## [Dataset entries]
★ ★ ★

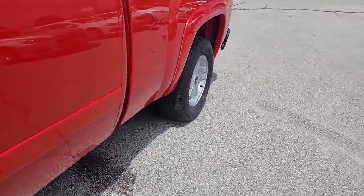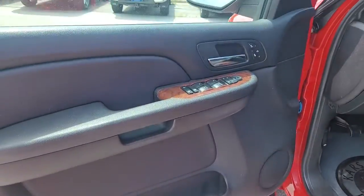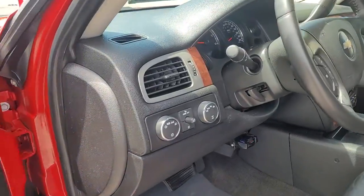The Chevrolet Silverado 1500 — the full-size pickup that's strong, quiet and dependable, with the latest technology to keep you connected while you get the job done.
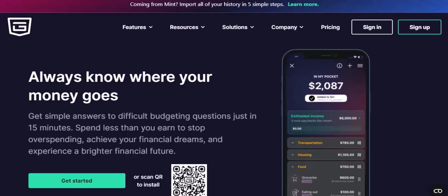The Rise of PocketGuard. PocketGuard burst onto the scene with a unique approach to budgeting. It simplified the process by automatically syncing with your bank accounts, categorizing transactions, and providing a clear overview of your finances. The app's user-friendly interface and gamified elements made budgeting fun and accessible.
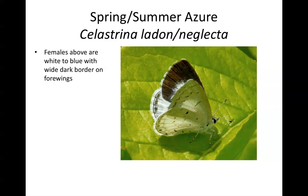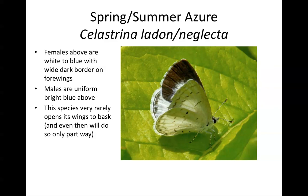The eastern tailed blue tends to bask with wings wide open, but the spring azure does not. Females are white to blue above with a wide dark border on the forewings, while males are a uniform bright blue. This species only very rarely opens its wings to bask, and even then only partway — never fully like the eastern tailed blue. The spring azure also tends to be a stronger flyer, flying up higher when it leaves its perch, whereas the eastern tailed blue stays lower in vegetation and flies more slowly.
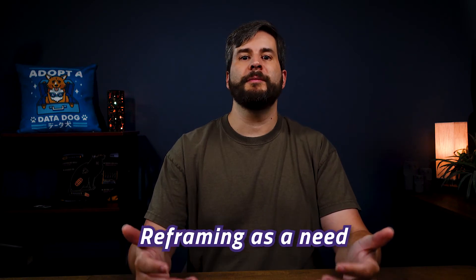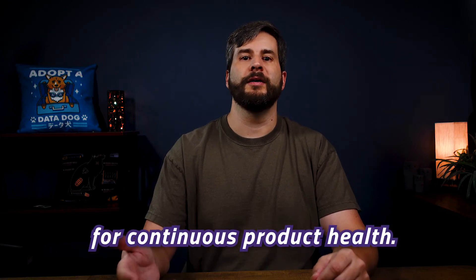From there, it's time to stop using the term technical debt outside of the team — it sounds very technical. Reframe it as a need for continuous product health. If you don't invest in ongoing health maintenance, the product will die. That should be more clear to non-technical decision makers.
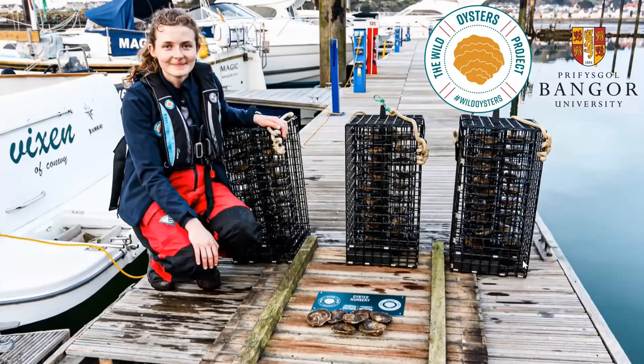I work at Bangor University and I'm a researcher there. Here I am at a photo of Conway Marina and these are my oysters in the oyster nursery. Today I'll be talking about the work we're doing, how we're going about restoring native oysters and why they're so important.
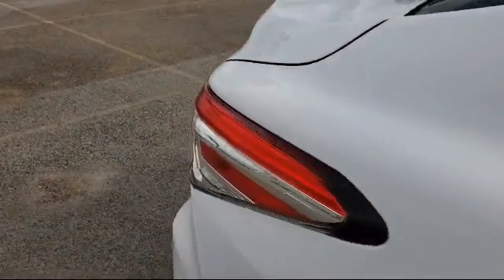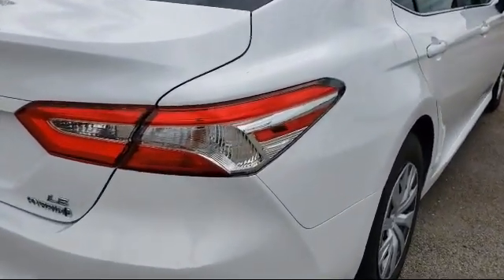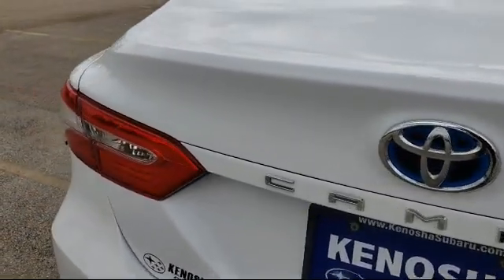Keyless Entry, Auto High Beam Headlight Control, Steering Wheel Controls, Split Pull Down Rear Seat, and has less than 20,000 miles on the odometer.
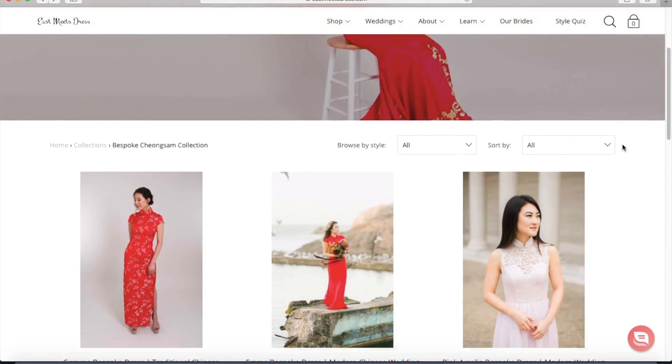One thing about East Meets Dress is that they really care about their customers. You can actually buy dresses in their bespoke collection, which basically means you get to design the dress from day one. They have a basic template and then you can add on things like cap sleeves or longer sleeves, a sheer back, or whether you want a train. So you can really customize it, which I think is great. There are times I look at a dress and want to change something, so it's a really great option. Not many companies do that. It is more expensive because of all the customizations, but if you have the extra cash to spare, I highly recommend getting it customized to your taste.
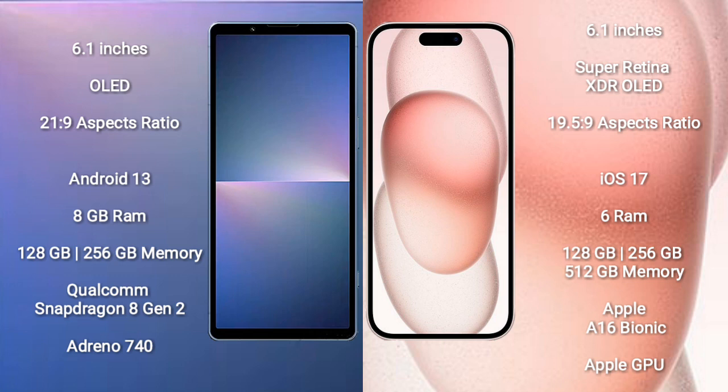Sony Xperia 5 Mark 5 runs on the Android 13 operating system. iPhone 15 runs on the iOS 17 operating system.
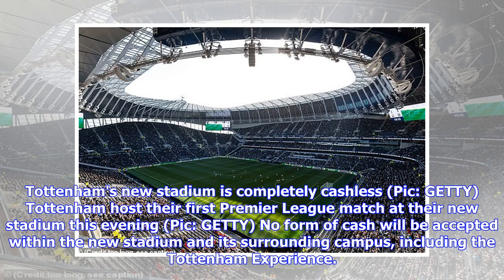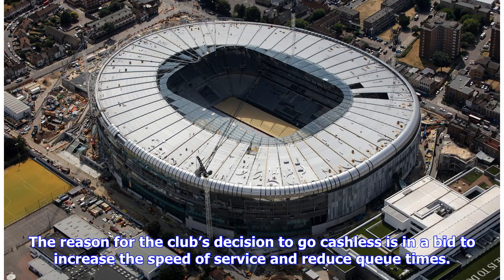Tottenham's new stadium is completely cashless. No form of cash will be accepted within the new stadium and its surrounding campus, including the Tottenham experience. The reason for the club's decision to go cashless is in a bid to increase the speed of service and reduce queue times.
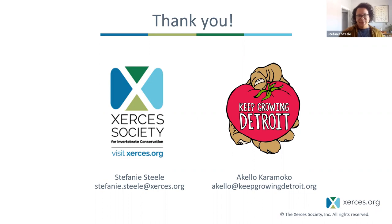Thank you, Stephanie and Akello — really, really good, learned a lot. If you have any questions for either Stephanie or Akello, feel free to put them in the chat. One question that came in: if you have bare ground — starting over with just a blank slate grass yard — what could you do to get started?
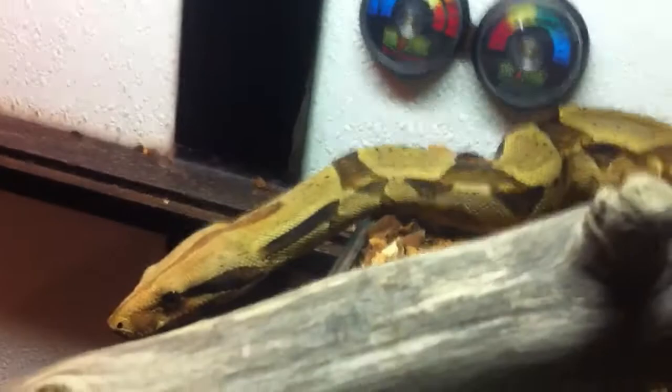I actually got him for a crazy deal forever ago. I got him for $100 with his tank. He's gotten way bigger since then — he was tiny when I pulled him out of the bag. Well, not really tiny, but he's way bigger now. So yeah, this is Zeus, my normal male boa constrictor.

★ ★ ★

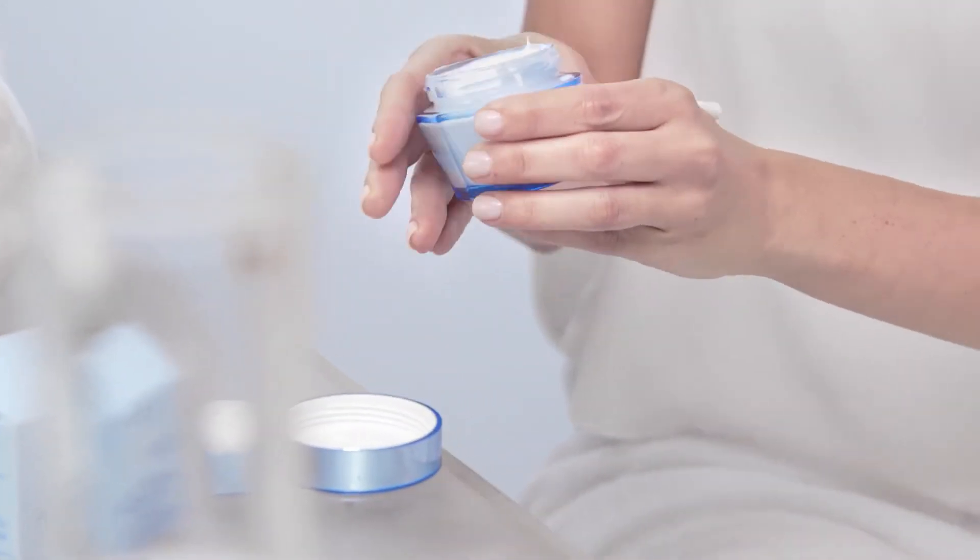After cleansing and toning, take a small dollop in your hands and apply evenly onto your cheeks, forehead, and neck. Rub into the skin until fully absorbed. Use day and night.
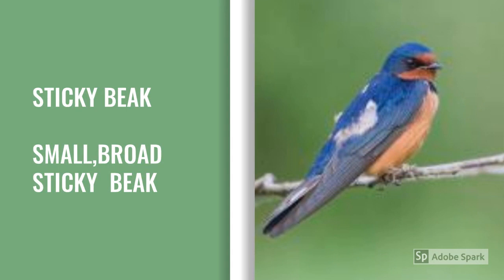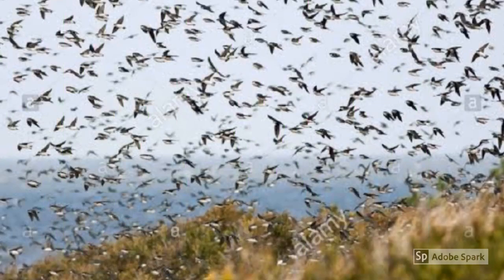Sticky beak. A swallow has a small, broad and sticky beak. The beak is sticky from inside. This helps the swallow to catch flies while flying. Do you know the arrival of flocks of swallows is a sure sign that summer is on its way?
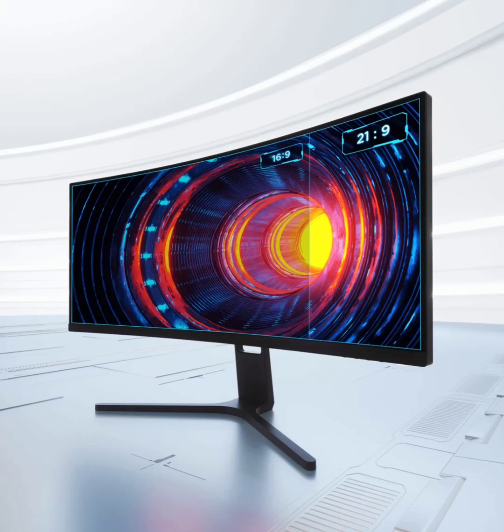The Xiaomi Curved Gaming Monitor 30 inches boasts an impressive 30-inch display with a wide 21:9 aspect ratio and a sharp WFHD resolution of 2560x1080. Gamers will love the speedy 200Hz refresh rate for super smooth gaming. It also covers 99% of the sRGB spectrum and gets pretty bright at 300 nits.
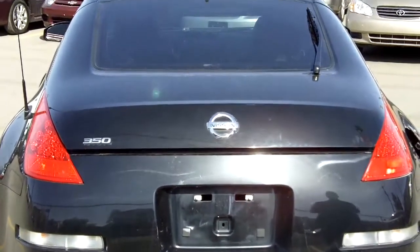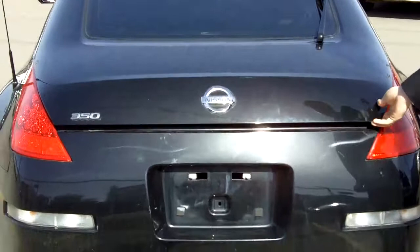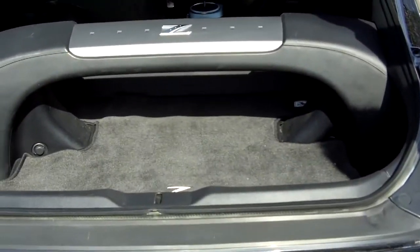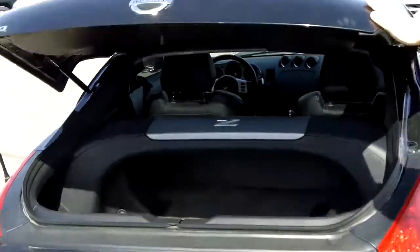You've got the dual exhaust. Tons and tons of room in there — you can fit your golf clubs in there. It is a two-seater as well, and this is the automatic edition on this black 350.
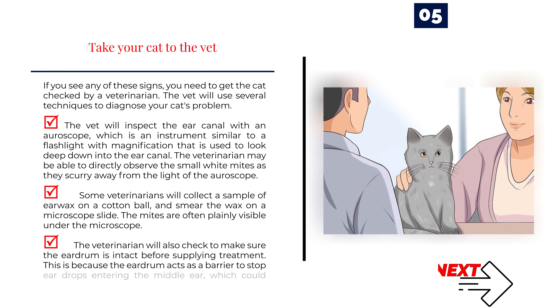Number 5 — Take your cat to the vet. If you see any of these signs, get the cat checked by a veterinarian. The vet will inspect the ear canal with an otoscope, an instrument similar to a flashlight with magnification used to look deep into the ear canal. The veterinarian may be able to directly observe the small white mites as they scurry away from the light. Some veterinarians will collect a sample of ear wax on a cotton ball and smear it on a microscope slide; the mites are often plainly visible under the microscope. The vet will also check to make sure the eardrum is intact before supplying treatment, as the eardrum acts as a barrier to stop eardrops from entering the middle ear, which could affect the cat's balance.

★ ★ ★

## [Goal of the exercise]
Reproduce exactly the lines above starting at the line containing "You've got the" and ending at the line containing "Number 5 — Take", including both, but not the pictures.

## [Problem solution]
You've got the dual exhaust. Tons and tons of room in there — you can fit your golf clubs in there. It is a two-seater as well, and this is the automatic edition on this black 350.
Number 5 — Take your cat to the vet. If you see any of these signs, get the cat checked by a veterinarian. The vet will inspect the ear canal with an otoscope, an instrument similar to a flashlight with magnification used to look deep into the ear canal. The veterinarian may be able to directly observe the small white mites as they scurry away from the light. Some veterinarians will collect a sample of ear wax on a cotton ball and smear it on a microscope slide; the mites are often plainly visible under the microscope. The vet will also check to make sure the eardrum is intact before supplying treatment, as the eardrum acts as a barrier to stop eardrops from entering the middle ear, which could affect the cat's balance.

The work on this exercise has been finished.